Smalt is crushed cobalt blue glass used for decorating purposes, usually to highlight or accent a piece. The color is not unlike blueberries in a bowl of oatmeal and milk, quite a lovely periwinkle color. What is unusual is to encounter an entire room covered with smalt. The Warner House in Portsmouth, New Hampshire contains such a room.

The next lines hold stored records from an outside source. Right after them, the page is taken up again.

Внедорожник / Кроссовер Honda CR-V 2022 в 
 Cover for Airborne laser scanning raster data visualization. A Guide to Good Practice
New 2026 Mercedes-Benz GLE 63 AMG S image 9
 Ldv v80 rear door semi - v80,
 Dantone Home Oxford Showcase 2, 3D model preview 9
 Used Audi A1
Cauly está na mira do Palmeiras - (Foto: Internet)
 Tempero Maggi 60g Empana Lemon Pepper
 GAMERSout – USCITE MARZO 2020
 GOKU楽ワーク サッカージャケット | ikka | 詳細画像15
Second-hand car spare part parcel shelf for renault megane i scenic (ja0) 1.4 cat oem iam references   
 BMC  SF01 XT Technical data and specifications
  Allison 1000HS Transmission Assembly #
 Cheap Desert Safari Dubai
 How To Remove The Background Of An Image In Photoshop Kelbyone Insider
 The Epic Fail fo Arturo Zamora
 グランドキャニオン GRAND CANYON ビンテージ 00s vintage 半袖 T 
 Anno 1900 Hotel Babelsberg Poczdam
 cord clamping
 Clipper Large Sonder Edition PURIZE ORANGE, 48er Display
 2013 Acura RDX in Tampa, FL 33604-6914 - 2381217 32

The house, originally built by Archibald Macpheadris between 1716-1718 has many delightful and intriguing design elements. When Jonathan Warner married Macpheadris's daughter and the couple moved in, they made some changes and artful additions.The smalt covered parlor bedchamber proved to be one of those changes, probably made between 1760-1814. The Warners most likely entertained guests in the parlor bedchamber which was a completely acceptble custom during the 1700's. Apparently, they aimed to impress. Covering a panelled room with high ceilings with smalt was no easy task. The panels first had to be painted with a mauve colored paint and then, the crushed glass applied. The result was a lustrous shimmery glow in the sunlight and breathtaking sight by firelight and candlelight.
As far as it is known, this is the only smalt covered room in existance today, although there is evidence that other homes during this time period had similar wall treatments.
I highly recommend a visit to the Warner House in Portsmouth, New Hampshire. The entire house is a treasure and contains important pieces of furniture not to be missed. Photography is permitted.